Panaji, India — The Indian resort state of Goa is getting tough on drink, drugs and loud music as the new tourist season starts, to restore its tarnished reputation after the shock murder of a British teenager.
Scarlett Keeling’s death earlier this year cast a long shadow over the party state in western India, with claims that drug abuse and drunken debauchery were taking place with the full knowledge of the police.
But the local force is now looking to crack down on the practice as the first foreign visitors arrive in search of fun and winter warmth on Goa’s inviting tropical beaches.

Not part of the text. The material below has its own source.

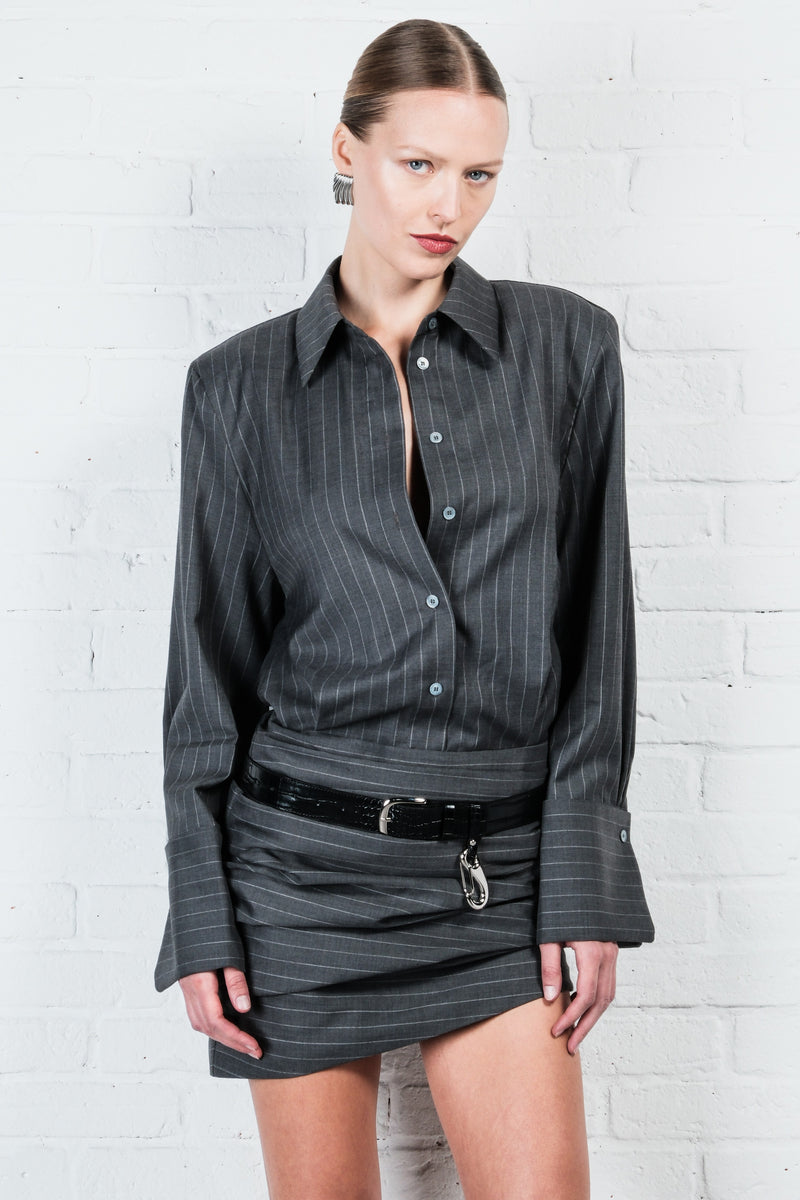 Pinstripe Shirt Dress – AFTERHOURS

“From this season onwards, shack (beach hut) owners will be held responsible for drug consumption, sale or deals in their premises,” police superintendent Bosco George told AFP.
Scarlett, 15, had been on a six-month holiday with her family when she was found dead on a beach in February.

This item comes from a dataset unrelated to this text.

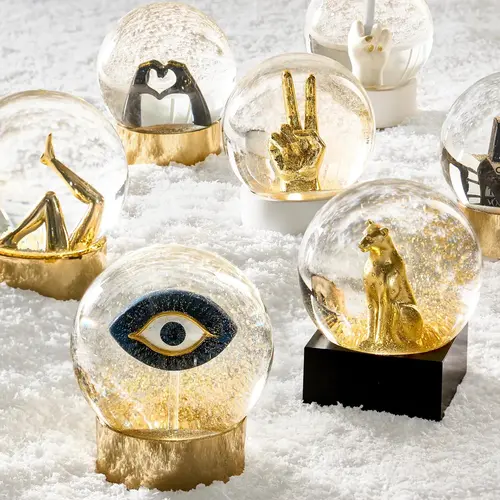 Z Gallerie Glass Snow Globe Set - Shopping, Lips, Grand Shopping Carousel, Evil Eye Designs - Vanity Unique Decor with Evil Eye Symbolism, Adds Sparkle and Movement, Cheeky Glam for Bold Rooms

At first it was thought she had drowned. But under pressure from her mother, police opened a murder probe after a post-mortem examination revealed the teenager had taken a cocktail of drink and drugs shortly before her death.

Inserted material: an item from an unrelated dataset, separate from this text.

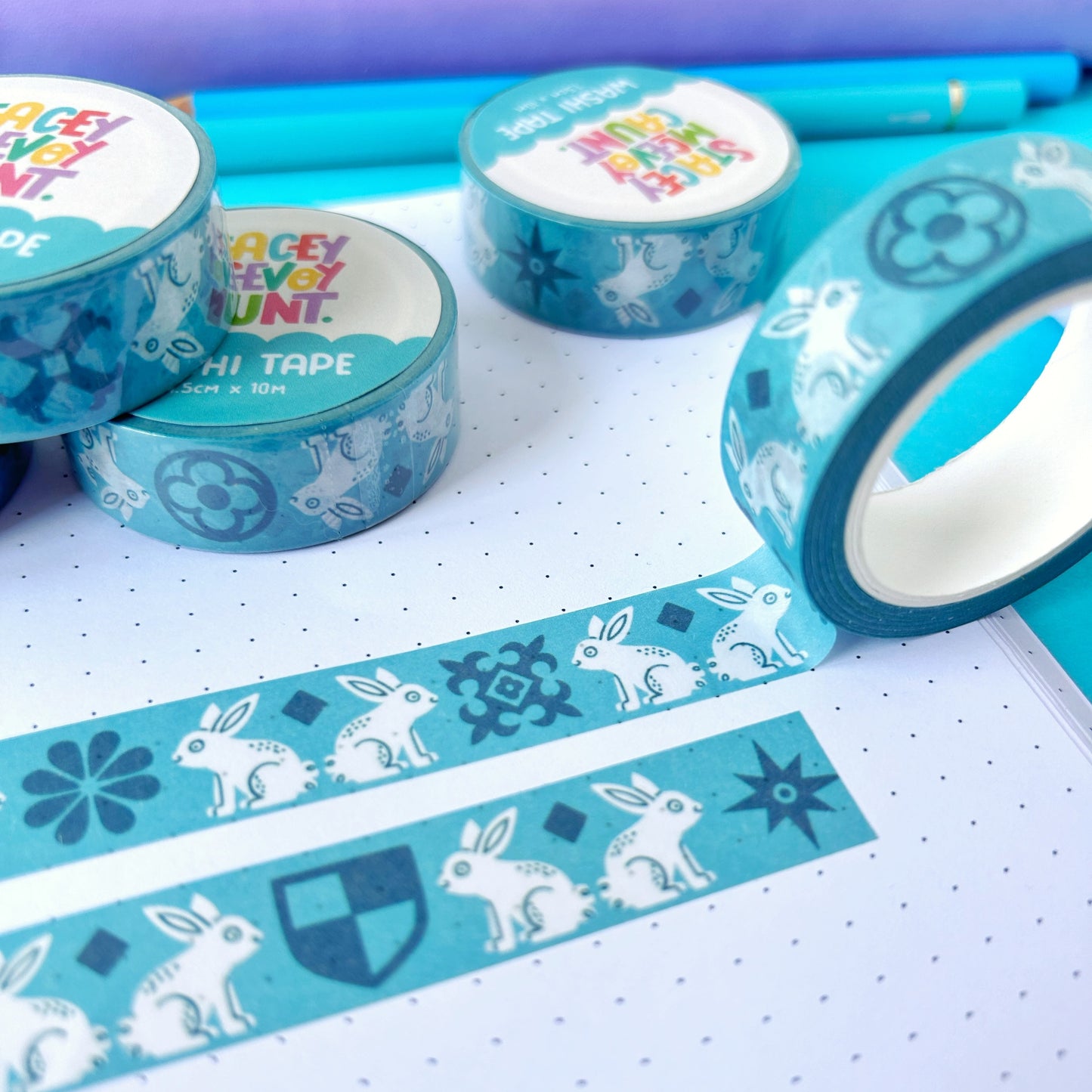 Blue Bunny Medieval Washi Tape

A bartender and an alleged drug dealer are currently awaiting trial, accused of plying her with booze and narcotics in one of Goa’s many palm-thatched beach huts. One was said to have repeatedly raped her before leaving her for dead.
George said they were now striving to keep Goa’s beaches drug-free — to allay fears about the safety of visitors and dispel claims against the state home ministry that they allowed pushers to target tourists.
Nearly three million tourists flock to the former Portuguese colony every year, drawn by its climate and reputation as a centre of the hippie counter-culture in the 1960s and 1970s. Of those, some 400,000 are foreigners.
But return visitors could find the nightlife quieter this year, as police have told beach hut owners not to play loud music after midnight, to stick to licensing laws and stamp out drugs.
“The shack owners can’t just get away with any nonsense,” said George, who led the high-profile probe into Scarlett’s death.
Cane-wielding police officers will be patrolling the beaches, stopping anyone seen loitering, especially at night, he added.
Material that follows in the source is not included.